To catch performance regressions early, I have integrated offline shader analyzers from all the mobile and console vendors I support, as well as Radeon’s GPU Analyzer (RGA) for PC. I parse the output of each analyzer to extract relevant metrics and generate a CSV file for each vendor and platform. Whenever the shaders change, I can easily compare the new output against the last known good version to identify any unexpected regressions.

The output produced by these tools is a lot of information. I support around 16 different texture formats, each with three different quality levels, using more than 10 compiler pipelines. To narrow it down, I filter specific shader subsets for each vendor. Currently, I rely on visual inspection of the diff output, but I hope to automate this further by producing summaries that are easier to interpret.

The metrics reported by the offline compilers are often not representative of actual performance on the device. Sometimes the ratio between ALU and Load/Store operations changes in ways that make it unclear whether the change is an improvement or a regression. Sometimes an increase in instruction count enables shortcuts that are taken most of the time, resulting in better performance despite the higher count. There are also cases where all the metrics indicate an improvement, but the shader runs slower on specific devices for reasons that are hard to understand!

Android Launcher

In practice, nothing beats testing the codecs on actual devices. This is especially true on Android, where performance is often unpredictable, and changes that seem harmless can result in significant regressions, pipeline compilation errors, or even crashes. For this reason, I have put special effort into testing on Android.

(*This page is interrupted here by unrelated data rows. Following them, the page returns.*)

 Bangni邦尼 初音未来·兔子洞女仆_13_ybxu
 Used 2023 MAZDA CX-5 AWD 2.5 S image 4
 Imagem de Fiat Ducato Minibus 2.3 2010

I maintain a small device farm with about 20 devices connected to a pair of USB hubs, and I also use the Spark Demo App to benchmark the devices.

However, running these tests manually is time-consuming. To automate the process, I use a Python script that uses adb to enumerate the devices, launch a custom version of the demo app configured to start the desired benchmark automatically, and save the results to disk. The launcher monitors the file system for updates as the apps run. Once all results are written, it outputs a summary and saves them to a CSV file, which I use to check for correctness, quality and performance regressions.

Final Thoughts

As much progress as I have made in developing tools for Spark, there is still plenty of room for improvement. Better automation is one area I need to focus on, but several factors have held me back. Part of it comes down to development time and competing priorities, and to some extent, a lack of discipline. For example, it would have been useful to maintain a historical record of benchmarks. To do that, I would need to pick a specific set of images and stick to it without making changes over time, something I have not been disciplined enough to do.

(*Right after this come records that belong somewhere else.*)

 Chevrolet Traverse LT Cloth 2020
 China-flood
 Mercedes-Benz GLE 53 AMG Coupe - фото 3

Platform limitations also play a role. On Apple platforms, the lack of offline shader analyzers is frustrating. Having a Metal shader compiler that works on Windows is great, as it allows me to catch Metal errors regardless of the platform I am using, but a shader analyzer would be incredibly useful. I also have not spent much time automating testing on iOS, and I am not even sure it is possible to achieve the same level of automation I already have on Android.

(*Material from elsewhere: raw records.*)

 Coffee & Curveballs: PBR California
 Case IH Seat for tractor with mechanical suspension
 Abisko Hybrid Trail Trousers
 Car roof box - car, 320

Even practical concerns like space constraints have made automation harder. Testing on Android has been surprisingly easy compared to PC. I can set up a dozen mobile devices on my desk and run benchmarks on them without much trouble. In contrast, testing on PC requires physically swapping GPUs to test the code on different configurations, which is time-consuming, or having multiple PC setups, which takes up far more space.

Despite these challenges, improving automation is an area I plan to keep working on.